Left Field: The Memoir of a Lifelong Activist by David Wilson (Unbound, £20)
SOMETIMES funny, often moving and occasionally tragic, Left Field is always lively and always interesting.
David Wilson had a relatively privileged upbringing and much of what he has achieved is no doubt lauded in liberal, humanitarian circles and many of his connections, particularly in the music world, are fairly mainstream.
But his own views are unapologetically socialist and have been since sixth-form days, while his ability to link together the worlds of life, art and politics in a way that is enthusiastic, informed and participatory is second to none.

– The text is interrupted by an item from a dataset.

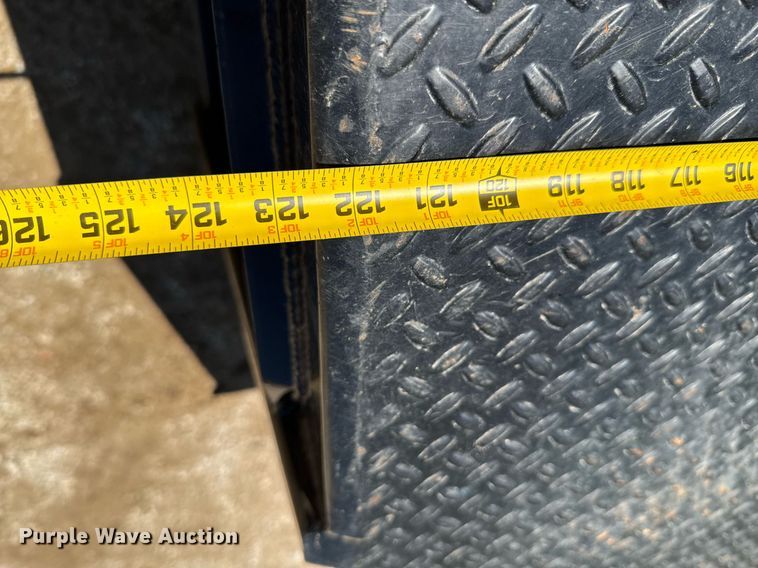 image for item DO0933 2005 Kenworth T300 flatbed truck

Early travels, particularly in Latin America, see a young and adventurous man journeying out with a driving thirst for personal experience and social justice.
His notes on Yugoslavia, covering marriage into a communist family and reflections on what life was like there, warts and all, are both original and fair. Connections with that country, right through to its forcible dismemberment and the horrible succeeding consequences, demonstrate in a very personal and effective way all that has been lost.
Endearingly honest about his own shortcomings, the death of a child and breakdown of his marriage see Wilson in a fairly bleak place.
Yet, refusing to give up on the world and all that it has to offer, he continues to campaign against the Vietnamese war and the evils of apartheid.
The 1980s see him working for Lesbians and Gays support the Miners and in the ’90s he engaged in pioneering work in the arts with the young people of war-torn Yugoslavia.
As Bush and Blair get ready to launch their crazed crusade against Iraq, Wilson throws himself into building the initially relatively small and unimportant Stop the War Coalition.
Recently bumping into Jeremy Corbyn in his native Islington he is keen to point out that he remains as much a left-field man today as ever.
It’s a shame that this is such a comparatively brief book. Much more could have been said and the tendency to leap from one period to another doesn’t help. It’s a work which focuses on Wilson’s key campaigns and interests — often quite deservedly so. But perhaps a second, more detailed, edition would be in order?